Plans for the Mid-Columbia team took nearly a year to put together, and will involve the Benton and Franklin County sheriff's departments as well as police from Pasco, Richland, Kennewick, West Richland and Prosser. That's a depth and breadth of knowledge and experience beyond what any single department could provide during a sensitive investigation.

We see nothing but positives for such a team. It allows the different jurisdictions to share the burden of the investigation, provides for a wide range of experience and skills and puts some distance between co-workers in a department with an active investigation.

The unit will be a lot like the Metro Drug Task Force or the Benton County SWAT Team, with any agency that is able contributing personnel to the effort when needed.

With the number of officer-involved incidents increasing, it was become difficult on individual departments to fill all the duties of an outside investigator.

And the unit won't be limited to officer-involved shootings. Investigations could include vehicle accidents or any other police action that resulted in serious injuries.
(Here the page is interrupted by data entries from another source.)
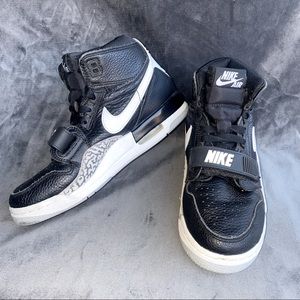 Boys NIKE AIR High Tops 🌵4.5 Y
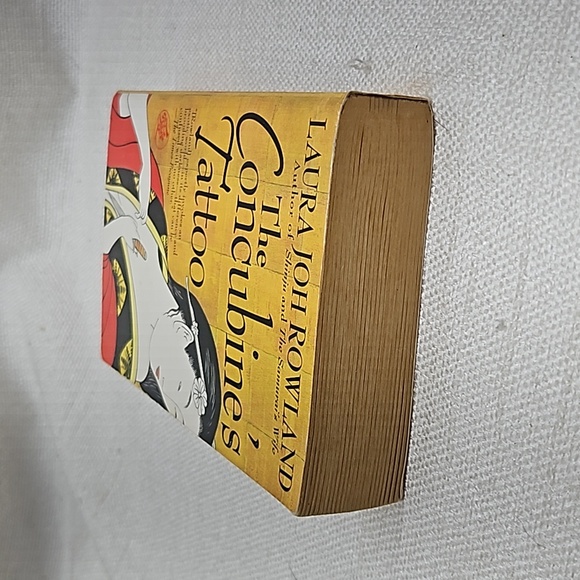 3/$10 The Concubine's Tattoo (Sano Ichiro Novels Book 4) - Picture 5 of 10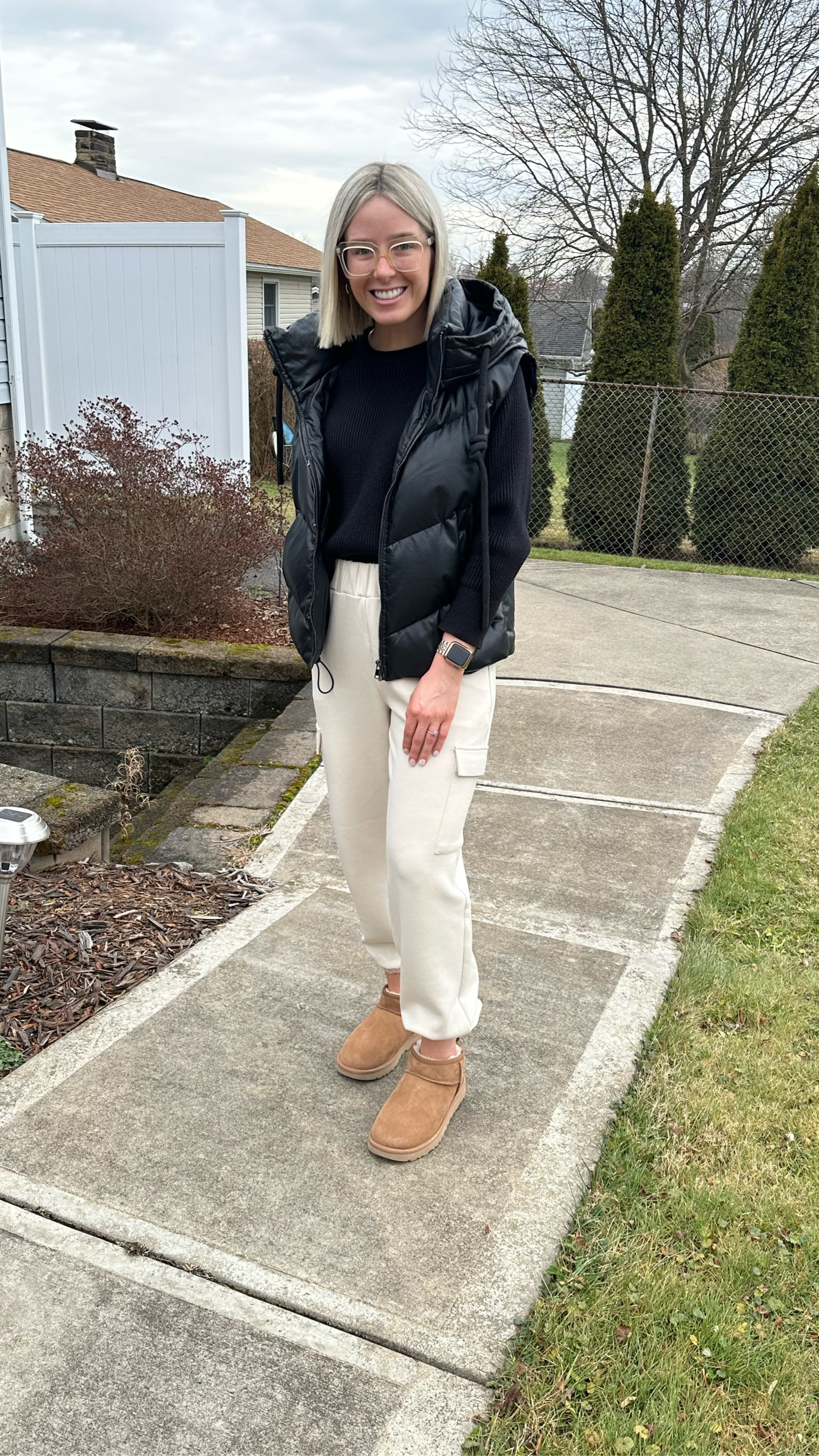 Vici Shelton pocketed faux leather black puffer vest size small TTS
Specific training would be provided for those designated to investigate officer-involved incidents.

Any police action that is linked to a death or serious injury will be high profile. That's as it should be. The public has a right to know whether the officers involved followed protocol or strayed outside the prescribed procedures.

The investigations take a lot of time and resources to ensure all relevant evidence is investigated. This new team will help.

A commander, assistant unit commander, administrative commander, three unit supervisors to oversee investigators and evidence technicians will make up the team. Representatives of a prosecutor's office and coroner also will be included.

But while the investigative team is being developed, the Mid-Columbia law enforcement community needs to be thinking about another component: the citizens.

The public needs to know that the team's investigations are objective and thorough. Reviews by a coroner's inquest and the prosecuting attor-ney are already part of the process and provide some assurances.

But that won't always be enough to convince people close to an incident that their voices are being heard or to satisfy family members and others who question the results of an investigation.

Many communities have civilian review boards or similar offices to field citizen complaints. Obviously, laymen can't investigate crimes, but they can help increase public confidence in the process.

We're not sure what model for civilian involvement is right for the Mid-Columbia but the public's participation at some level is a good idea.

Done right, it can enhance what's already a good program for investigating police incidents.